As mentioned by Manpreet Kaur in her thesis, "Jaswant Singh Rahi is a writer with traditional proverbs and modern enlightenment. His poems do not represent opposition, rather revolution. (Noor, Navin Punjabi 67). He does not want replacement; he wants transformation so that the individuals may be made free from communalism, slavery and inhuman behaviour. Rahi begins his poems with the repugnancy existing between imagination and realism.

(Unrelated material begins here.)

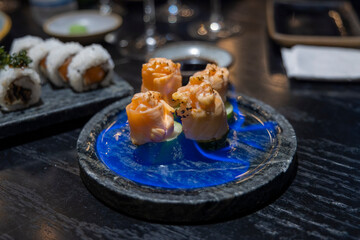 salmon sushi with blue flames, Novo Hamburgo, RS, Brazil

The background of this repugnancy is based on the religion as corollary of social values and facing the capitalist who converts the production into capital."

== Books ==
The following are among the prominent works by Jaswant Singh Rahi:
- Lishkan (1952)
- Dojakh Di Agg (1966)
- Aades Tise Aades (1983)
- Noor Upaiya (1969)
- Jassa Singh Ramgarhia (Poetic narrative)(1970)

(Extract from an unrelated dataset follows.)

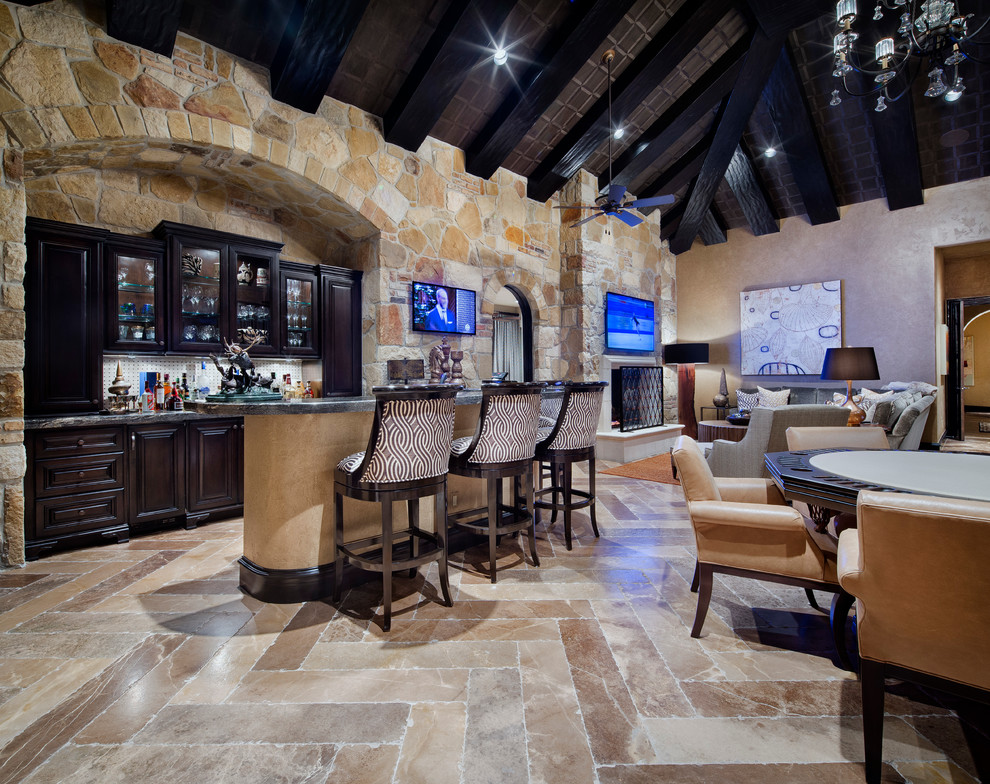 Mediterranean l-shaped breakfast bar in Houston with glass-front cabinets and dark wood cabinets.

- Kaudian Khurmaniyan (1972)
- Sachha Jhutha-Kahani Sangrah (1975)
- Tutde Jurde Jism (1978)
- Lahoo Bhiji Chanani (1981)
- Pauna De Tarihaey (1981)
- Kabran Da Gulab (1982)
- Parchhavian da sach (1988)
- Moye phulan da mandar (1990)
- Adhoora Safar (1991)
- Main Kiven Jeeveya I, II, III (Autobiography) (1991–95)
- Dohre Rahi De (1996)
- Lahoo De Timakane (1996)

== Political influence ==
Throughout his active life, Rahi was considered among the most influential figures of the region. Prominent political personalities including Santokh Singh Randhawa, the then MLA of the constituency sought his advice on social and personal matters frequently. His correspondences regarding concerns over contemporary issues were also acknowledged by the then President of India, Giani Jail Singh. These correspondences are still preserved by the Rahi family.

== Recognition ==
Contribution of Jaswant Singh Rahi to Punjabi literature was duly recognized by contemporaries, critics and literary agencies. He has been conferred with several awards for his works, and his contributions for the freedom struggle of India.
Besides various honors, he was conferred with the following prestigious awards:
- Rashtriya Kavi (National Poet) by the Government of India on 26 January 1972 for his immense contribution to Punjabi literature.
- Tamra Patra by Prime Minister Indira Gandhi.
- Tamra Patra by Prime Minister Rajiv Gandhi.